CRIMINAL MINDS: TV TIMES SAYS THE FANS DID NOTHING.


Criminal Minds: If I were allowed one wish right now it would be that every tv showrunner and writer have a long memory of which tabloids reported the strike fairly and which skewed the facts so much as to make them unrecognizable. It would be my wish that they would never grant an interview to these rags or allow their cast, crew or janitor to talk with them. This strike brought out the best and worst in everybody. There were sides and everyone picked one. As a fan of Criminal Minds I have long been disgusted with the majority of articles written about the show but the following is a classic example of bad journalism!

Once again the NY Times reporter David Carr has gotten it wrong. This is what he had to say about fans:

What about viewers — the real victims of the strike, deprived of new episodes of “Heroes”? There was some keening on the message boards, but mostly, the public shrugged and worked on their “Guitar Hero” chops.

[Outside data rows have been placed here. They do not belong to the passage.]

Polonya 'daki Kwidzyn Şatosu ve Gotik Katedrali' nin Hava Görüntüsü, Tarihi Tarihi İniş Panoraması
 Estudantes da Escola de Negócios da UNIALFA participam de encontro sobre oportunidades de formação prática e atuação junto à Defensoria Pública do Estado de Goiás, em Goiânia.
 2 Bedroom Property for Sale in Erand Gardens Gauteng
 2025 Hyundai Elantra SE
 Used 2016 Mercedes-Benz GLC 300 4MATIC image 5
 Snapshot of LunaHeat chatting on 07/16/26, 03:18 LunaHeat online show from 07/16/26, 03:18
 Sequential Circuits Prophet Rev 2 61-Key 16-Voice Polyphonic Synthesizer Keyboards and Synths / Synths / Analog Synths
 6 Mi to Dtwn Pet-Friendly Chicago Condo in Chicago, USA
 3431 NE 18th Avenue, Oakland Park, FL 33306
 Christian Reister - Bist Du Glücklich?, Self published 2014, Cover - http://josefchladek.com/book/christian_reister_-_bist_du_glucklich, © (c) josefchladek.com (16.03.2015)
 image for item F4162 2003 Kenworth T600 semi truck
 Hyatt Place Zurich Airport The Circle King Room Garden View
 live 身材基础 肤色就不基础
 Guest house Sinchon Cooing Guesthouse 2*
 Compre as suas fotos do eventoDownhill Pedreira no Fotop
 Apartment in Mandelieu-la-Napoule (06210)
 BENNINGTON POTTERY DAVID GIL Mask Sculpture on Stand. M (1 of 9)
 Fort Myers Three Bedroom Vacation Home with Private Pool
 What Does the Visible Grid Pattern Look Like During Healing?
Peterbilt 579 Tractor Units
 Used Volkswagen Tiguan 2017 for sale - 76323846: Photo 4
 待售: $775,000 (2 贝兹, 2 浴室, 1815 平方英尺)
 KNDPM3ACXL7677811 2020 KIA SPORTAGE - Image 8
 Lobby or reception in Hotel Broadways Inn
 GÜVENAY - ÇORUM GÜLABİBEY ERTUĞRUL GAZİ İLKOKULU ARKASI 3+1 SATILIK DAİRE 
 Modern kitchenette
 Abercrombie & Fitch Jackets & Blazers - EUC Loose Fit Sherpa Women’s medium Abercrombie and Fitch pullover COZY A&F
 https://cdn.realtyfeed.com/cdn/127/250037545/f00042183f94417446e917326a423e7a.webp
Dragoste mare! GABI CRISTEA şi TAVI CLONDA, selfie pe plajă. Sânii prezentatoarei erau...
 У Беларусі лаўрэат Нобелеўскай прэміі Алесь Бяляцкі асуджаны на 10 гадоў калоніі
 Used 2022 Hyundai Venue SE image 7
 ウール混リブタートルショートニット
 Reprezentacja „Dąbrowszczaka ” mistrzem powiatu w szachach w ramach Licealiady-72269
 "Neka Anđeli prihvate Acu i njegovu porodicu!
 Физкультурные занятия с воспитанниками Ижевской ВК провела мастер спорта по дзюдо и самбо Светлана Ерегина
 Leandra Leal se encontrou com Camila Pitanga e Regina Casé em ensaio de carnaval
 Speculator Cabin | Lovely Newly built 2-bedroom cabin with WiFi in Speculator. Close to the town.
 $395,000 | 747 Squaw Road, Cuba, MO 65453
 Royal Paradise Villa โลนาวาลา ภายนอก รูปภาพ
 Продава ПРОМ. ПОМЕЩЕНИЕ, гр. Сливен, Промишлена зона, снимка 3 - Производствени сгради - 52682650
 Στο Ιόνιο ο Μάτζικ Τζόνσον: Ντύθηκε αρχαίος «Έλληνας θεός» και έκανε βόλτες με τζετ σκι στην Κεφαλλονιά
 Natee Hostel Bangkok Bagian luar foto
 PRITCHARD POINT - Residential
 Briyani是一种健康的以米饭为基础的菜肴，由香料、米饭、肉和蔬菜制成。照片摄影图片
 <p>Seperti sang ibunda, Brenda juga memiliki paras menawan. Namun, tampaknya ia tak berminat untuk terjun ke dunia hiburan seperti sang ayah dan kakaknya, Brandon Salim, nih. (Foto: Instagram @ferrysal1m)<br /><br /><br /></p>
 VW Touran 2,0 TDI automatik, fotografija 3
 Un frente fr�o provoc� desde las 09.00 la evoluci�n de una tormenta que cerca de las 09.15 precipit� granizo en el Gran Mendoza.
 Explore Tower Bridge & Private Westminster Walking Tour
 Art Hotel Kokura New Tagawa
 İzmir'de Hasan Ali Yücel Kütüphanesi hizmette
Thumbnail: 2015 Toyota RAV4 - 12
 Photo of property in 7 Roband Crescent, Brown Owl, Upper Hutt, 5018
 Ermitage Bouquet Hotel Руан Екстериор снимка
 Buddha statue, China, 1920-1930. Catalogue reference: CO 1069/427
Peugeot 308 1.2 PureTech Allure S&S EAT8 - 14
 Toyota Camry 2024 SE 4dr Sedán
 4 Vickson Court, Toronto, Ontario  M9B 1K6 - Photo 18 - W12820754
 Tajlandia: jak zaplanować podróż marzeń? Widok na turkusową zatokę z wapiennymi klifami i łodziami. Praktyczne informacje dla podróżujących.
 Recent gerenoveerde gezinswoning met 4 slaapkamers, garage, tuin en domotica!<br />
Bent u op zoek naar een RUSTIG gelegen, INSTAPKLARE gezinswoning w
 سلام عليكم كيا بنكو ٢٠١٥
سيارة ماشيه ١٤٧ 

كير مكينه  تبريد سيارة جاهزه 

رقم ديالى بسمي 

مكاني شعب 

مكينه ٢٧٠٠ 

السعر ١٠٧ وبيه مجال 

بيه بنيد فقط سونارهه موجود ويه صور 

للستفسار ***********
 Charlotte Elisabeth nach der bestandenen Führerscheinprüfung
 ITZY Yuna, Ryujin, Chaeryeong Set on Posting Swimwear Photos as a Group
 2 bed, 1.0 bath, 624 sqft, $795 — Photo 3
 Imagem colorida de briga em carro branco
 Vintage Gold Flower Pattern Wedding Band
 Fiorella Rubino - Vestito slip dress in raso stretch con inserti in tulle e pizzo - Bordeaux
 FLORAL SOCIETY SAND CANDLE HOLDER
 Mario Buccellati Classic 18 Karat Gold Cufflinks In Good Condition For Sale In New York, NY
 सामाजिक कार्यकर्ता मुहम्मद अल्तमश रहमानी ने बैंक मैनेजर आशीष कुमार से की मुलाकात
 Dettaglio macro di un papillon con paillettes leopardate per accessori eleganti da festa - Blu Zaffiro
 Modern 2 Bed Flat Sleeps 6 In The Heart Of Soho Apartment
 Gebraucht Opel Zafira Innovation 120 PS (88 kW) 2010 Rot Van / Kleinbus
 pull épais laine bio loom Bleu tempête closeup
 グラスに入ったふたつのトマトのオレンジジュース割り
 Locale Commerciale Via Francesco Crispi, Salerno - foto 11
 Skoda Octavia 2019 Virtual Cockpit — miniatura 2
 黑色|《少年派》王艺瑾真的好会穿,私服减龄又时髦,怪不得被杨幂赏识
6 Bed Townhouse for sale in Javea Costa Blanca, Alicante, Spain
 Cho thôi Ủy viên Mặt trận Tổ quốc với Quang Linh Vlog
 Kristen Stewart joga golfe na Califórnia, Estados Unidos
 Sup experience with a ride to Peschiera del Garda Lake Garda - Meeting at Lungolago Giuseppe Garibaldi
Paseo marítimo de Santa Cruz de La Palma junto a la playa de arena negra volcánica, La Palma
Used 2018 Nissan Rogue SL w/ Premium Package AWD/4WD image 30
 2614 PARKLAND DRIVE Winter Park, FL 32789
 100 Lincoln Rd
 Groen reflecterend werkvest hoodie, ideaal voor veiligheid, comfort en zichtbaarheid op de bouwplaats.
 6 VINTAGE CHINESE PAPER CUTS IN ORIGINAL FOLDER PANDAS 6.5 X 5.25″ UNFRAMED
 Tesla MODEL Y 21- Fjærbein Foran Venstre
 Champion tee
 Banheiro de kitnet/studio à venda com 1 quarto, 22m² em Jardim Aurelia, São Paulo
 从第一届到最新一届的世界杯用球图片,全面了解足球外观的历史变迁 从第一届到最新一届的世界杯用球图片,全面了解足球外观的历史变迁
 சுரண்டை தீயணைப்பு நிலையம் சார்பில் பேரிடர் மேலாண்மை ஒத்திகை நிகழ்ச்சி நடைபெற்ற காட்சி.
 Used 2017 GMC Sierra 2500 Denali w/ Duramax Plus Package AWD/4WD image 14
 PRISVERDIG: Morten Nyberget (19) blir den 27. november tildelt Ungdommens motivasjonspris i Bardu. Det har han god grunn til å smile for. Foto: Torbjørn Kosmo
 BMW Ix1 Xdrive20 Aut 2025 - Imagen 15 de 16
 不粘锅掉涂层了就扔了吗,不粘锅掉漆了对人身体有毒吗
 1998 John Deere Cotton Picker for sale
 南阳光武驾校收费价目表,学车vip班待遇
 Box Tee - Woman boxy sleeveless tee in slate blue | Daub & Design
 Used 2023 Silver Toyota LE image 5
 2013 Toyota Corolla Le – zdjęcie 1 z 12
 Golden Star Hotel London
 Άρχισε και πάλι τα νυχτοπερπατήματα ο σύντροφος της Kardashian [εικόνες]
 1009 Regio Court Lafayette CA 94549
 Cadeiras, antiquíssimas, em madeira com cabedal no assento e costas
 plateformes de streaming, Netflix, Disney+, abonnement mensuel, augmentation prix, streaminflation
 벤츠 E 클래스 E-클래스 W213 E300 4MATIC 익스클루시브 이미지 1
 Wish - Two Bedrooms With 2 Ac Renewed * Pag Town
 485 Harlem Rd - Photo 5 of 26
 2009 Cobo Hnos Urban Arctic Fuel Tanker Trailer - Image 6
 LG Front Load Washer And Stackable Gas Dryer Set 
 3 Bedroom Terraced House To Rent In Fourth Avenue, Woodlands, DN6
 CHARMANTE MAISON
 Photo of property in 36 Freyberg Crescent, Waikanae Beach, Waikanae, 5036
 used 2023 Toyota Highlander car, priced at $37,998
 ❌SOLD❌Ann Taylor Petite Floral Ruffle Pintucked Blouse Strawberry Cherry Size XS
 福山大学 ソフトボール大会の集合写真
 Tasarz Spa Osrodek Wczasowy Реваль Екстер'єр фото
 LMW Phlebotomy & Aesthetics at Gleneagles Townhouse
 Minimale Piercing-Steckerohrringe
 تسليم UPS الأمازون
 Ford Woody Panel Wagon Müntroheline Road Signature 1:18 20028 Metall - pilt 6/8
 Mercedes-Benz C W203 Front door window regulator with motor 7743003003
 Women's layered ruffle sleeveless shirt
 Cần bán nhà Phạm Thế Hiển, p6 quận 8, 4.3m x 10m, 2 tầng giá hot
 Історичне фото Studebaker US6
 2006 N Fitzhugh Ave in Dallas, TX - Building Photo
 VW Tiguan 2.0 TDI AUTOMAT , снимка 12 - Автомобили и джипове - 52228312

Here is the response by Rob Kutner, Writer for "The Daily Show with Jon Stewart":

To the Editors:

David Carr's otherwise reasonable analysis of the WGA strike results ("Who Won The Writers' Strike?" February 12, 2008) is dead wrong to dismiss TV viewers as doing nothing but "keening on the message boards" and "work[ing] on their “Guitar Hero” chops." Thousands of passionate, dedicated TV fans united behind advocacy groups Fans for the WGA and Fans4Writers.com and took action on multiple levels: organizing food drops to picketers, educating millions on the issues, and deluging the studios with letters and phone calls demanding a fair deal. Multiple sources confirm CBS' Les Moonves got so many calls he hired two new staffers to take them and had his assistant ask the fans, "What do we have to do to make this stop?" As you have reported elsewhere, Moonves ended up a pivotal figure in bringing the strike to resolution in the end.

As the networks learned, TV viewers are not all couch potatoes who will passively watch whatever is heaped in front of them. They demand quality and fairness, and in the end those demands carried the day.

Sincerely,
Rob Kutner
Writer
"The Daily Show with Jon Stewart"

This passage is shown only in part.